Sayangnya, lima hal itu diabaikan begitu saja, dan yang dikedepankan adalah slogan-slogan kosong semisal “tak ada hukum kecuali hukum Allah” atau juga slogan yang begitu populer akhir-akhir ini, yaitu “legislasi syariat Islam”. Apa kemudian yang dikehendaki dengan slogan legislasi syariah yang kerap didengung-dengungkan kelompok Islamis di berbagai penjuru dunia, tidak terkecuali di Indonesia? Melalui buku Qadhiyatu Tathbîqi al-Syarî’ah yang terbit tahun 1998, Jamal Al-Banna mengupas persoalan legislasi syariat yang kerap memanfaatkan tangan negara dalam proses legislasinya.

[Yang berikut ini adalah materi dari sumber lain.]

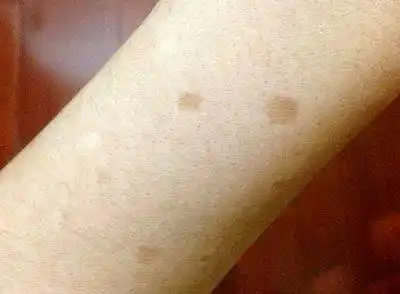 药物,糖基化反应等,也会加速细胞衰老凋亡,色素沉着,诱发或加重老年斑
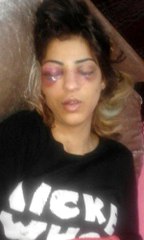 Kuma Getirdiği Sevgilisinin Elini Kırdı, Barışmak İstemeyen Eşini de Öldüresiye Dövdü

Bagi kalangan pengusung legislasi syariat, sejumlah persoalan yang menimpa umat hanya mungkin tertuntaskan dengan tathbîq syari’ah. Dan syariah pun kemudian direduksi menjadi “ruang sempit” yang bernama hudûd. Padahal kata Jamal Al-Banna, pesan-pesan Islam yang tertuang dalam kurang lebih enam ribuan ayat, hany lima ayat yang menyoal sangsi tertentu (al-‘uqûbât al-muqaddarah) hanya lima ayat: had potong tangan bagi pencuri (Al-Mâ’idah: 38), dera bagi pelaku zina (An-Nûr: 2), had qadzaf (An-Nur: 4), hirâbah [“orang yang meruntuhkan sendi-sendi negara dan agama] (Al-Mâ’idah: 33), dan qishash (Al-Baqarah: 178). Lima ayat ini pun kemudian menutup “ruang-ruang yang luas” yang menyoal tentang taubat, istighfar, taqwa, amal shalih, dan sebagainya yang begitu banyak tersebar dalam sejumlah ayat kitab suci. Inilah ironi sebagian kalangan yang demikian bersemangat melapangkan legislasi syariat, sementara mereka tidak menyadari bahwa dibalik niat tulus mem-praxis-kan syariah ternyata mereka lupa ada efek negatif pula yang dimunculkan.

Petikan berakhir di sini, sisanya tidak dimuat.